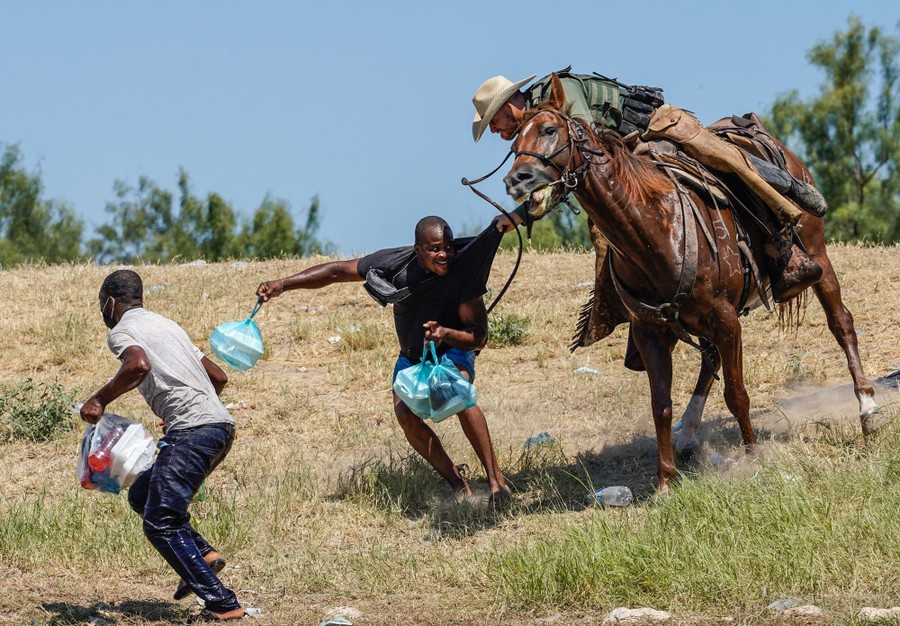 A border-patrol officer on horseback leans over and grabs the shirt of a man on foot who is carrying bundles of food and trying to escape.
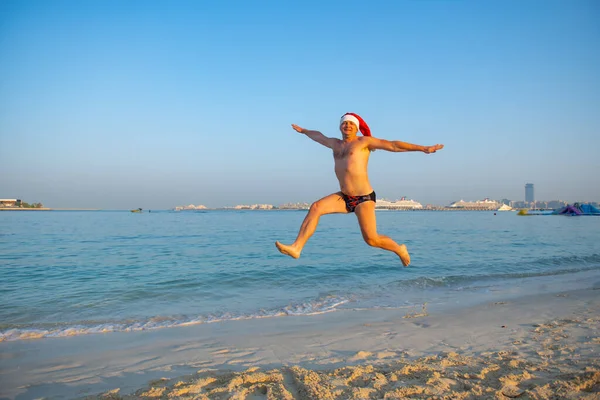 En un sombrero de Año Nuevo, un hombre en traje de baño saltando — Foto de Stock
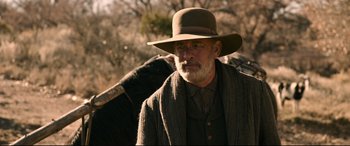 Movie still from “News of the World” (2020), directed by Paul Greengrass – An older man wearing a hat and a scarf; Medium shot, Over the shoulder angle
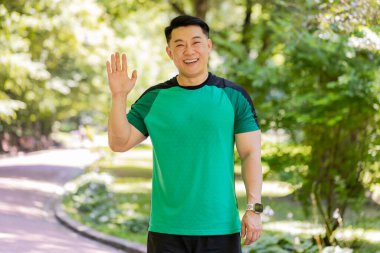 Merhaba, hoş geldiniz. Atletik zinde koşan yetişkin bir adam konuksever bir gülümsemeyle avuç içi selamlaşmayla selam veriyor. Japon genç erkek antrenmanı sabah parkta yapılıyor. Aktif sağlıklı sporcu.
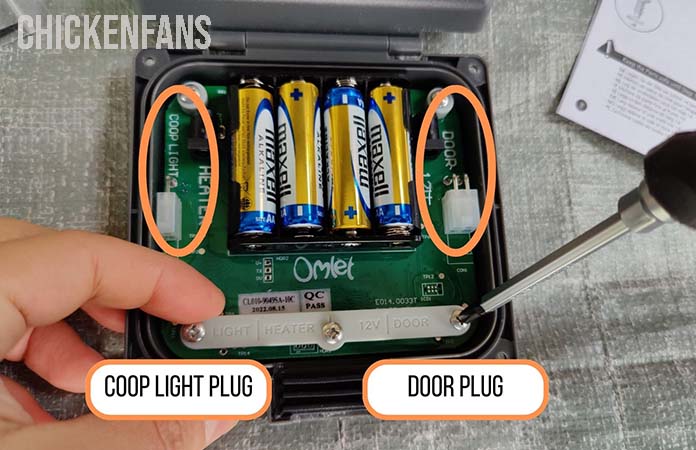 The inside of the control panel of the omlet auto door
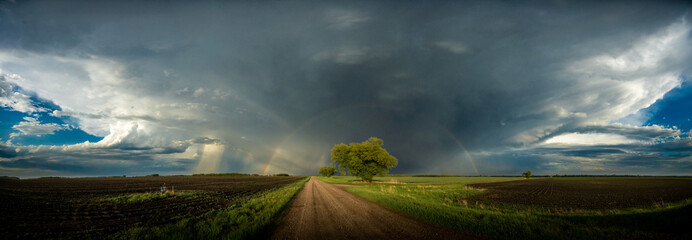 Rainbow over a country road after a summer storm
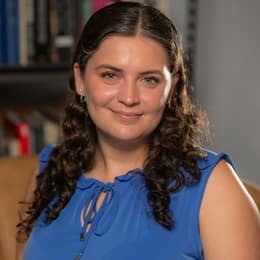 Jessica L. Cozzi, a published author and 2022 graduate from WUV's online MFA in Creative Writing program.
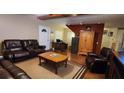 Relaxing living room with leather furniture and hardwood floors at 1190 S Goodman Rd, Champions Gate, FL 33896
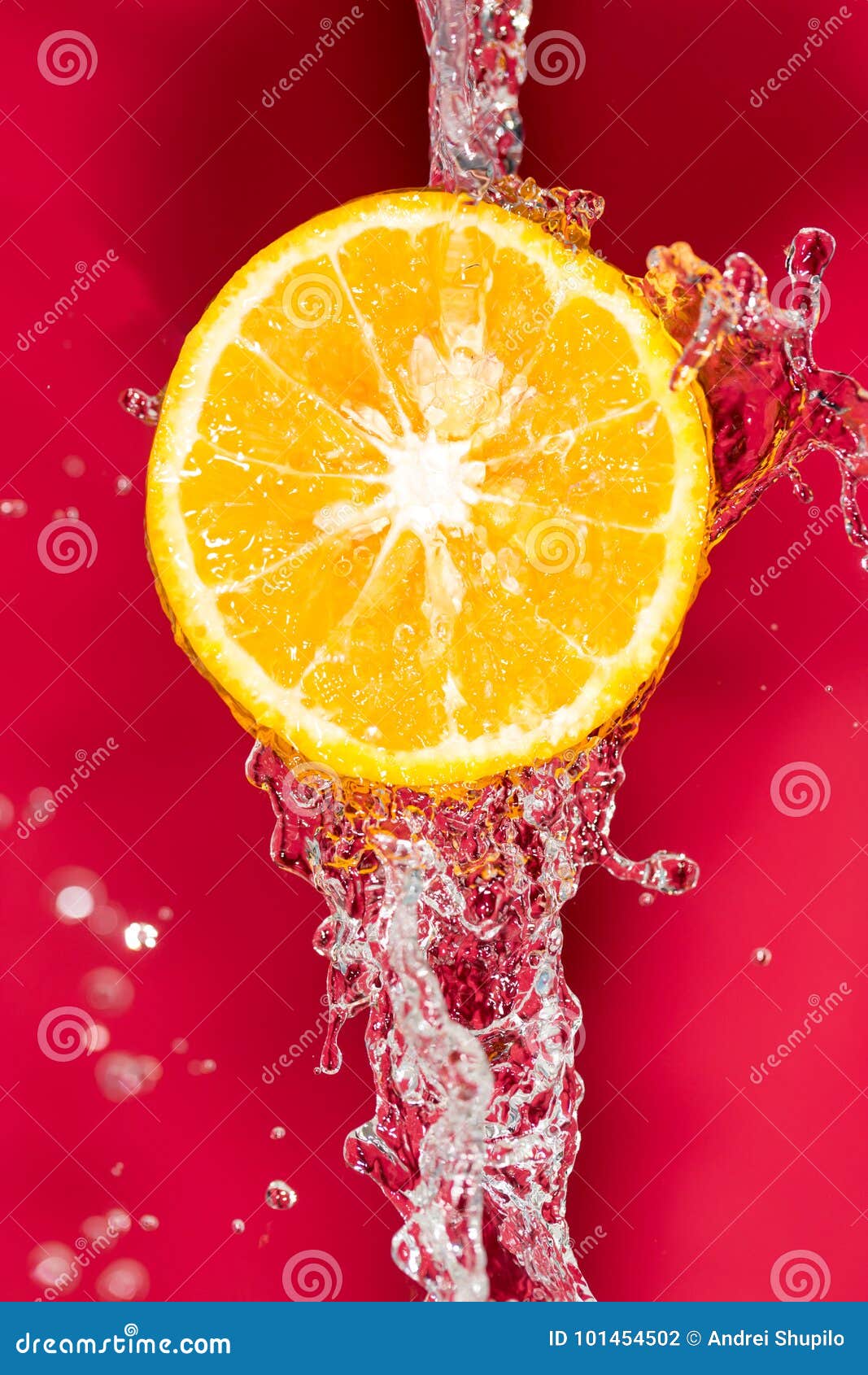 Orange in Water on a Red Background Background Stock Photo Image of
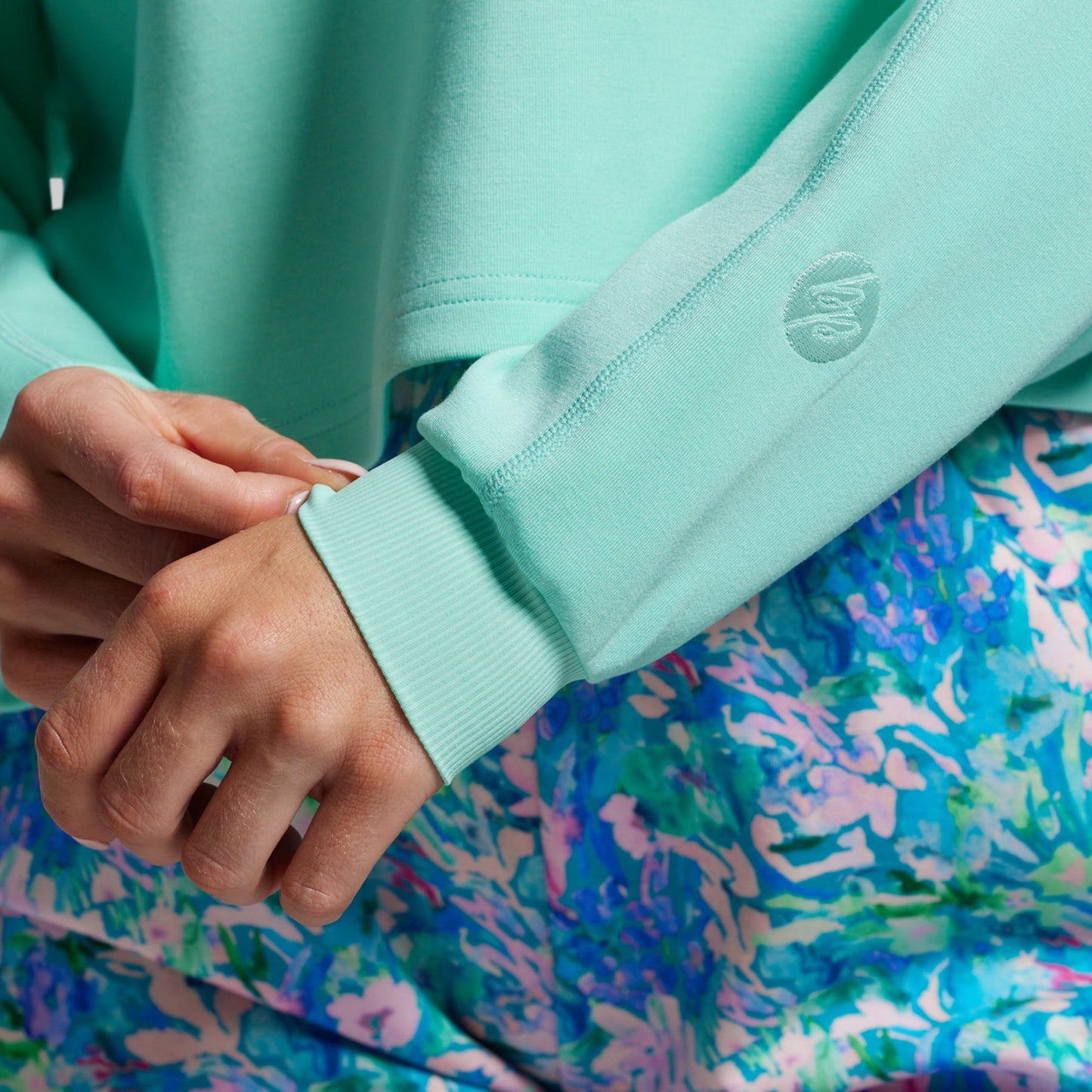 Close-up of a person wearing a light blue sweatshirt with a brand logo, against a colorful patterned background.
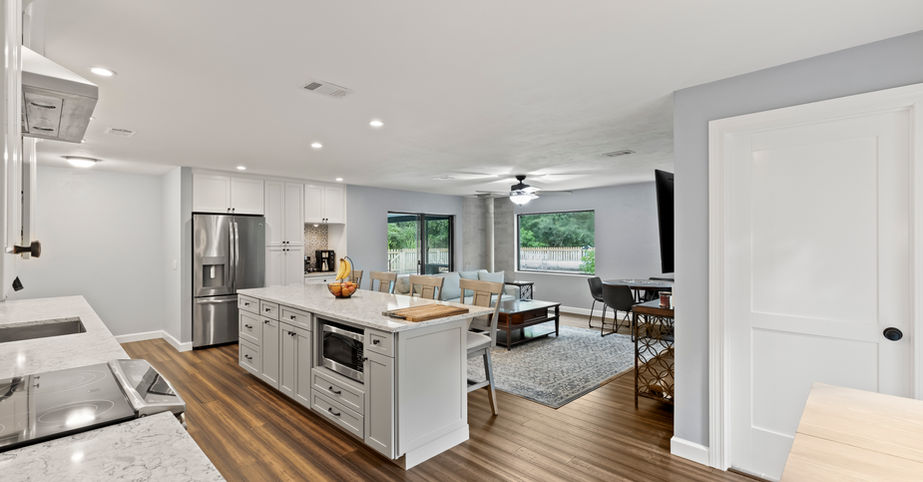 Modern kitchen with island and connected living room, Kenwood $502,600, hardwood floors.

_____

WHAT TO DO: From the line holding "Movie still from" down to the final line of the entries above, print every line exactly. Pictures do not go in.

EXPECTED ANSWER:
 Movie still from “News of the World” (2020), directed by Paul Greengrass – An older man wearing a hat and a scarf; Medium shot, Over the shoulder angle
 Merhaba, hoş geldiniz. Atletik zinde koşan yetişkin bir adam konuksever bir gülümsemeyle avuç içi selamlaşmayla selam veriyor. Japon genç erkek antrenmanı sabah parkta yapılıyor. Aktif sağlıklı sporcu.
 The inside of the control panel of the omlet auto door
 Rainbow over a country road after a summer storm
 Jessica L. Cozzi, a published author and 2022 graduate from WUV's online MFA in Creative Writing program.
 Relaxing living room with leather furniture and hardwood floors at 1190 S Goodman Rd, Champions Gate, FL 33896
 Orange in Water on a Red Background Background Stock Photo Image of
 Close-up of a person wearing a light blue sweatshirt with a brand logo, against a colorful patterned background.
 Modern kitchen with island and connected living room, Kenwood $502,600, hardwood floors.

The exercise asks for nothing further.